* Exercise objective
Shown below are entries with pictures; the line with "Calcium – one" through the line with "Multicolored Beaded Sandals" is the span to retype exactly, and the pictures stay out.

[[ Given data open ]]

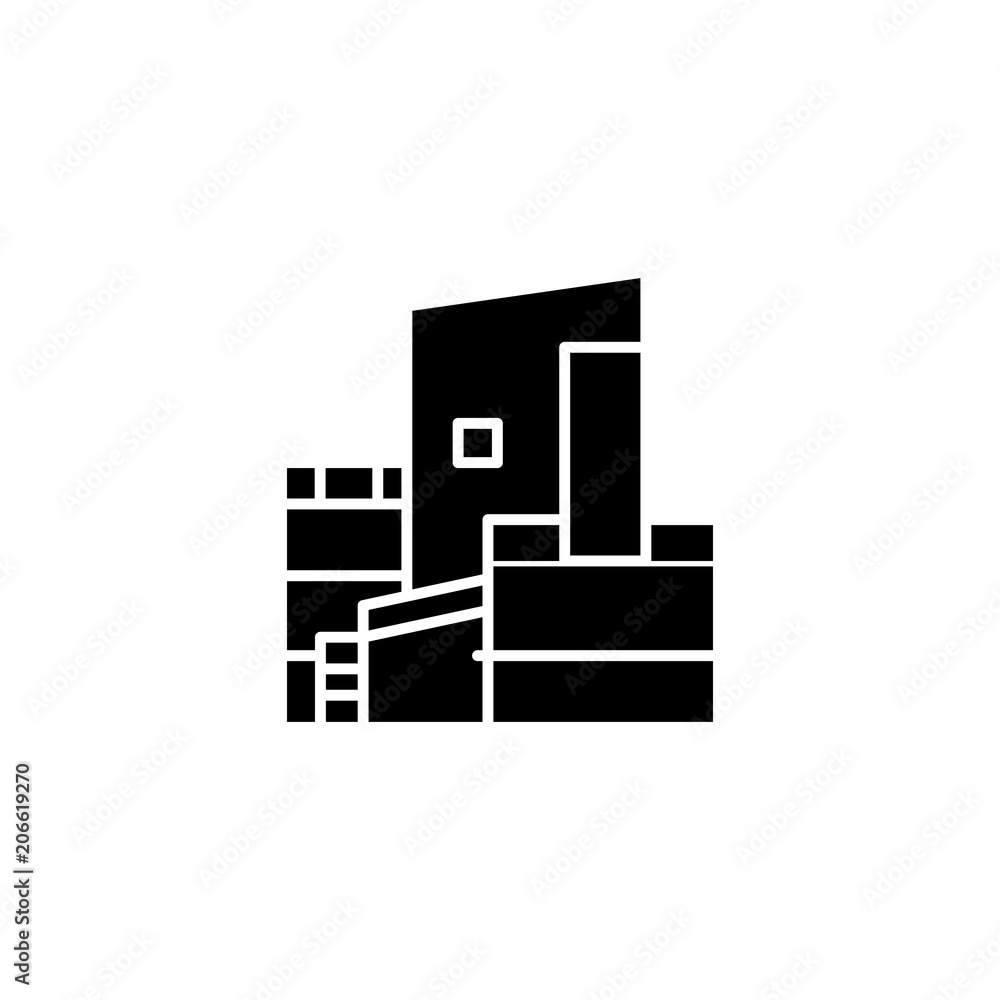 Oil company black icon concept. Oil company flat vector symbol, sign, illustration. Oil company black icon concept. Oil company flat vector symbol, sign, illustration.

[[ Given data closed ]]
[[ Given data open ]]

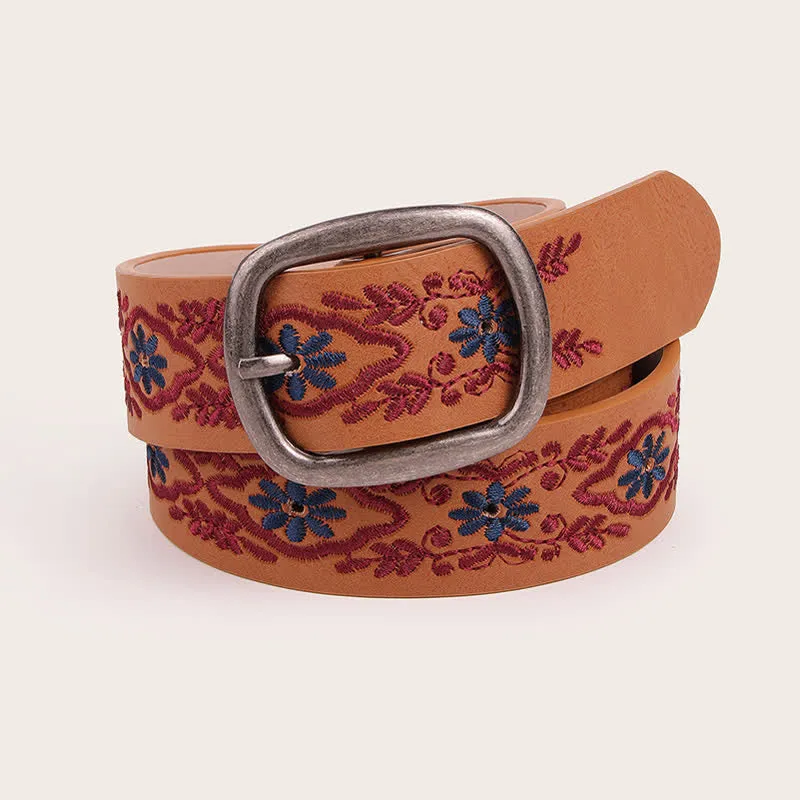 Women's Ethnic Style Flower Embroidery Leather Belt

[[ Given data closed ]]
[[ Given data open ]]

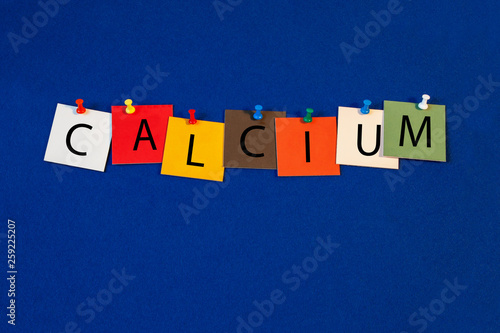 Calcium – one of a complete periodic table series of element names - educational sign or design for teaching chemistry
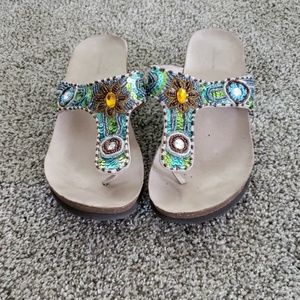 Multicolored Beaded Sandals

[[ Given data closed ]]

* Answer to the exercise
 Calcium – one of a complete periodic table series of element names - educational sign or design for teaching chemistry
 Multicolored Beaded Sandals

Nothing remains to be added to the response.